The fact it is close – not perfect – substitutes is important. In this case if the firm increases its price it does not lose all of its customers, as a result in the short term the relative demand curves faced by the firm are given as follows.

Source: https://courses.lumenlearning.com/wm-microeconomics/chapter/monopolistic-competition/

In this case, due to the product being “different” in some way the demand curve faced by the firm varies from perfect competition.
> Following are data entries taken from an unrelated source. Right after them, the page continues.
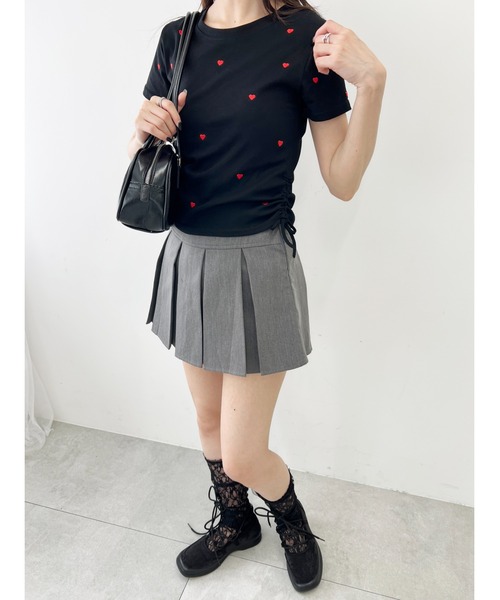 PHILLY（フィリー）の「ランダムハートドロストTシャツ（Tシャツ/カットソー・レディース・ホワイト/ブラック・FREE）」の9枚目の写真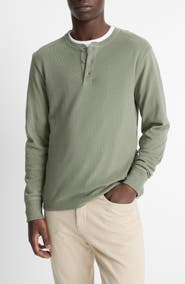 Vince Long Sleeve Pima Cotton Henley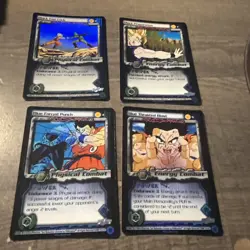 DRAGON BALL Z 19 CARD FOIL LIMITED CELL GAMES GOHAN'S STRI SAIYAN TRIPLE DBZ CCG - Image 1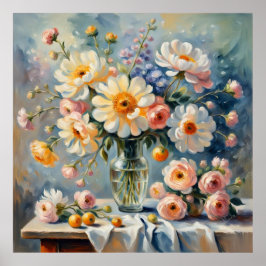 Vackert Bouquet 1 Poster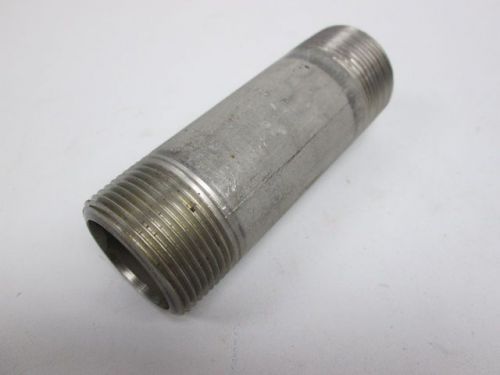 New merit mb316/l80w1d-923513 4-9/16in nipple 1-1/4in npt pipe fitting d257324 for sale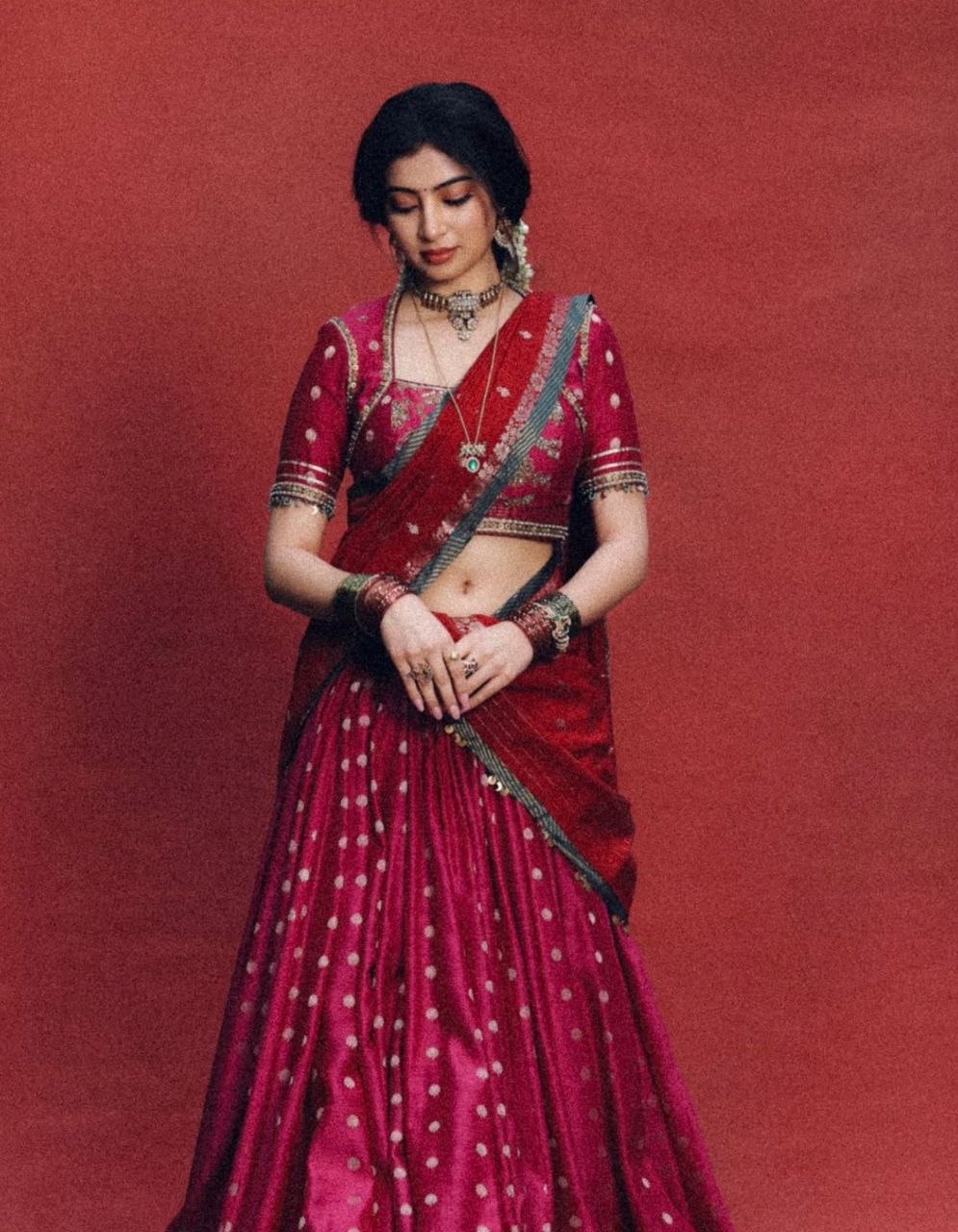 RangBhoomi Bollywood Style Lehenga Choli Set with Embroidered Sequins and Soft Silk Fabric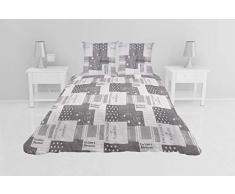 Soleil docre Corinne Boutis, Couvre, jeté de lit, Polyester, Multicolore, 260 x 240 cm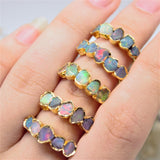 October | Opal Ring in Gold Vermeil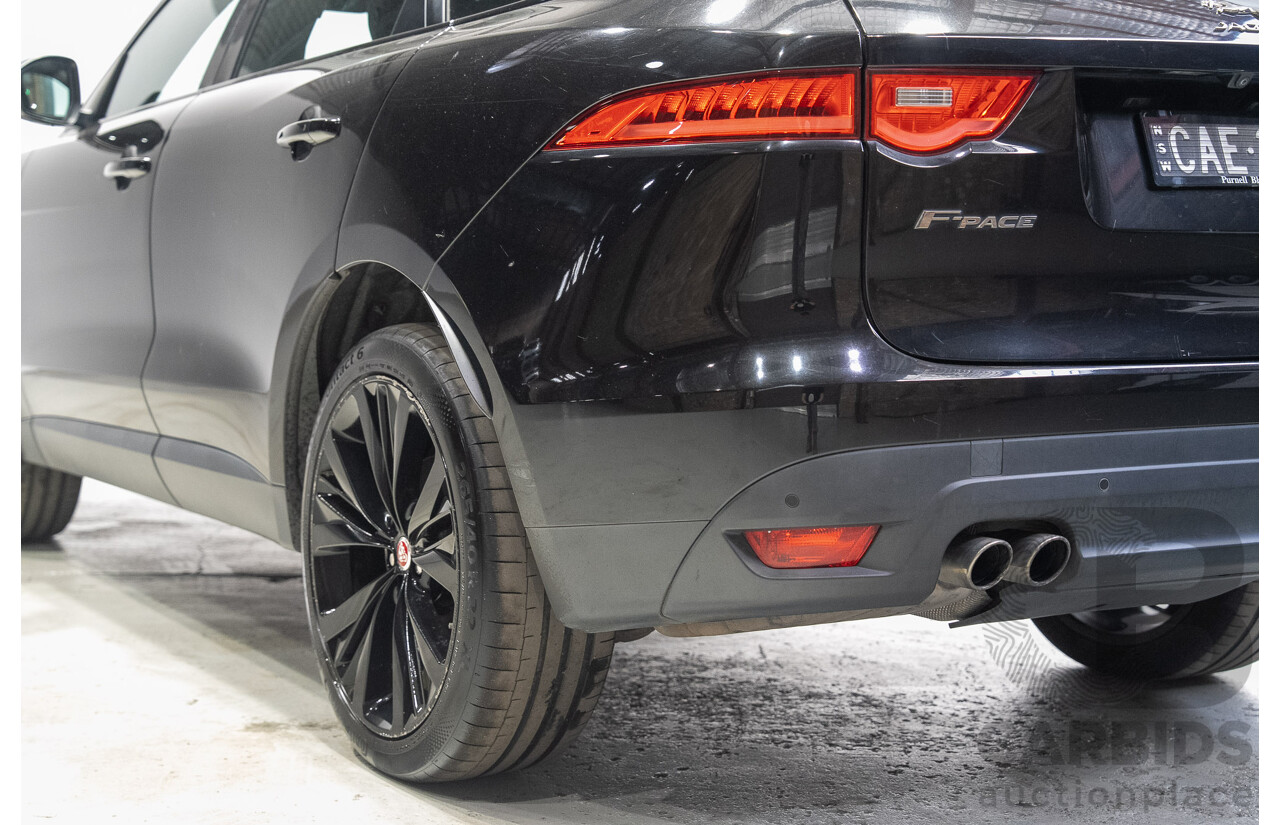 02/2017 Jaguar F-Pace 20d Prestige (AWD) MY17 4d Wagon Santorini Black Turbo Diesel 2.0L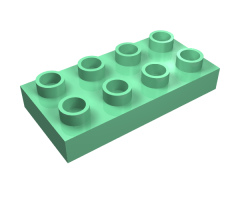 Duplo, Plate 2 x 4 x 1/2 (Thick)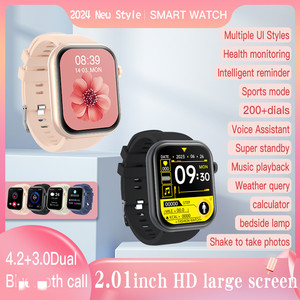 Đồng hồ thể thao thông minh 2.01 inch, màn hình TFT, cảm ứng cao su, hỗ trợ nghe gọi, tương thích với IOS - Đa chức năng, thương mại quốc tế, dây đeo tay - Product Image 2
How could the product be different?

  • Branding and perception of quality
    • Trust in the machines offered in the gym
    • A belief that having the Les Mills brand in your pocket will give you greater gains
  • Tangible differences in the services/product offered
    • Location
    • Quality of gym machines
    • Direct network effects (where my friends go)

These differences can also lead to differences in “costs”. But the price difference occurs because the differing gyms CAN charge different prices and without losing or gaining all of the customers in the market – in the case of perfect competition this would not occur.

So having close substitutes (what econs will call a market with heterogeneous goods) can help explain why Les Mills charges a different fee than my prior gym.

Costs and our monopolies

However, we haven’t worked out whether they are taking advantage yet. To figure that out we need to compare a monopoly with a monopolistically competitive firm.

If Les Mills is a monopoly, and would make “normal profits” if it was perfectly competitive, what can we say? From the lecture slides for introductory economics at Victoria University of Wellington comes the following graph:

The monopoly earns a margin above marginal cost and also receives supernormal profits – profits in excess of what is required to supply the market. Such profits are coming straight out of my consumer surplus!

The same type of argument would hold for a monopolistically competitive firm at face value. They will charge a “markup”, but does that imply they make supernormal profits too?

Lets go a step further.

The long run: Entry and exit

In case of monopoly when we introduced the average cost (AC) curve, we can see that, the firm sets prices that are higher than average cost (AC) which allows it to make a supernormal profits.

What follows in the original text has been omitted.